Consider the theory $\text{Th}(\mathbb{N}, S, 0)$, which we know to be axiomatized by the following axioms:
- $\forall x (S(x) \neq 0)$
- $\forall x \forall y (S(x) = S(y) \rightarrow x=y)$
- $\forall x (x \neq 0 \rightarrow \exists y (x=S(y))$
plus the axiom schema:
- $\forall x (S^n(x) \neq x)$ for each $n \in \mathbb{N}$ (where $S^n(x)$ is the aplication of $S$ $n$ times to $x$).
Now, it is well known that models of these theory are exactly those that have the form $\mathbb{N} + \lambda \cdot \mathbb{Z}$, where $\lambda$ is a finite or infinite cardinal. My question is about how to prove this. It is not difficult to show that any structure of this form is a model for the theory, but what about the converse, i.e. that any model of the theory has this form?
Now, it is clear that any model of this theory will consist of an initial segment which is a copy of $\mathbb{N}$. My thought was then to define an equivalence relation $x \equiv y$ iff there is $n$ such that $S^n(x)=y$, and then show that the equivalence classes will all be of the form $\mathbb{N}$ or $\mathbb{Z}$. Is this in the right direction?

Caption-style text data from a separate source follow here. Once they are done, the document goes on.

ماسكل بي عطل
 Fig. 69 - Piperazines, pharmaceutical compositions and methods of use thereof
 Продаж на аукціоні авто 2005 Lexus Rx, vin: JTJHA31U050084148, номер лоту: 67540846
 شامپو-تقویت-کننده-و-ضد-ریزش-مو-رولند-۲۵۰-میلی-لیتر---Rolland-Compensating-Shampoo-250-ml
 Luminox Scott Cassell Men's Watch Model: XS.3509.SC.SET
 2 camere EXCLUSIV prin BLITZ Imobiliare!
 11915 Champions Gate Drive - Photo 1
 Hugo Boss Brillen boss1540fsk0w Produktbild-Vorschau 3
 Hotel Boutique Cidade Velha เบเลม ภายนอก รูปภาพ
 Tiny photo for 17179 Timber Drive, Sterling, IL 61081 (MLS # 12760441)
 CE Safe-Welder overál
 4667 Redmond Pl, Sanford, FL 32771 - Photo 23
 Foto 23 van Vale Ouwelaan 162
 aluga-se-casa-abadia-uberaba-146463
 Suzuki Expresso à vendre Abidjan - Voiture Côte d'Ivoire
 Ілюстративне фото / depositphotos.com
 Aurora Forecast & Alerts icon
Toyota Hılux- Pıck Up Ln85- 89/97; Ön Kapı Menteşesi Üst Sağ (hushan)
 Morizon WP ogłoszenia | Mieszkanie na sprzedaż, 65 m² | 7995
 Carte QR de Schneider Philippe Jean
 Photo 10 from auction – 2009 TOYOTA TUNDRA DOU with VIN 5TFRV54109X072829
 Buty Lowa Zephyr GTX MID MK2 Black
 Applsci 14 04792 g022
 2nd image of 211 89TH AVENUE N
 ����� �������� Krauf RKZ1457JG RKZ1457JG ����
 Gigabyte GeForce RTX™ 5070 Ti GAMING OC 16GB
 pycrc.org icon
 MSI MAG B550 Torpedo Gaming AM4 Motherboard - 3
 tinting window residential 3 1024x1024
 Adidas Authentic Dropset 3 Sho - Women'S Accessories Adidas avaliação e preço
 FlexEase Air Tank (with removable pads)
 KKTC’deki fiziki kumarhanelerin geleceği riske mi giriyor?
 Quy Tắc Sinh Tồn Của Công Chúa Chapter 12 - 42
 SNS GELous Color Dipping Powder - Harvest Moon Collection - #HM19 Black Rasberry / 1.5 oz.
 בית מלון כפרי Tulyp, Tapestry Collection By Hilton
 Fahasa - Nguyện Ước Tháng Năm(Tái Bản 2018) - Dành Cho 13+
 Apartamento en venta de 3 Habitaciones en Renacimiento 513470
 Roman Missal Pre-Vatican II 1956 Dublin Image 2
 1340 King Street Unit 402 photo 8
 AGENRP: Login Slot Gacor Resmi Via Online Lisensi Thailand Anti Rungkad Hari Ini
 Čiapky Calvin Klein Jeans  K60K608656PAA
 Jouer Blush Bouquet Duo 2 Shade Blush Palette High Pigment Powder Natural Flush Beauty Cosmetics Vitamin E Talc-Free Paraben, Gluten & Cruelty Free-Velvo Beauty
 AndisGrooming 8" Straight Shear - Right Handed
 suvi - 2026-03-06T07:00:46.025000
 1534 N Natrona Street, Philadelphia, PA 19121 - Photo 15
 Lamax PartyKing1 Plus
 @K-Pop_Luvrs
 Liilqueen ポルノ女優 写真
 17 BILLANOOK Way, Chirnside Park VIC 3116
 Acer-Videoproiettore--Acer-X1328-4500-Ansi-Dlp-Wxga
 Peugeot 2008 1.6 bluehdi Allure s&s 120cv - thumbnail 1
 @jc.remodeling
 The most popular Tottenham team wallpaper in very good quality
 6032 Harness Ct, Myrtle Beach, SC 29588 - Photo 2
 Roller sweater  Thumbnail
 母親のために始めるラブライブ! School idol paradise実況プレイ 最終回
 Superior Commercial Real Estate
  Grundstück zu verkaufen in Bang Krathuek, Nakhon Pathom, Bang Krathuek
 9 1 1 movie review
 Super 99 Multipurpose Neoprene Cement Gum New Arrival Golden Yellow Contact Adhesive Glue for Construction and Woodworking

Also, as a side note, just to check, but the $1$-types of this theory are all either isolated by a formula of the form $S^n(0)=x$, or else the unique non-isolated type $\{S^n(0) \neq x \; | \; n \in \mathbb{N}\}$, correct?
Best Answer
You've got the right idea, but it needs a tweak: the "finite distance" relation is what you want, but it's not what you've written (what you've written isn't symmetric). Set $x\sim y$ iff either there is some finite $n$ such that $S^n(x)=y$ or there is some finite $n$ such that $S^n(y)=x$ (note that this is just the usual "graph metric").
Now the key observations are that in any model of successor arithmetic there is exactly one element without a predecessor and the successor function is injective. These two facts quickly imply that any model of successor arithmetic consists of exactly one $\sim$-class of "type $\mathbb{N}$" and all other $\sim$-classes (if any) have "type $\mathbb{Z}$."
(It may help to think about what successor arithmetic proves about the "distance one" relation $x=S(y)\vee y=S(x)$; in my experience this is a bit easier to conceptualize, although I'm not sure why.)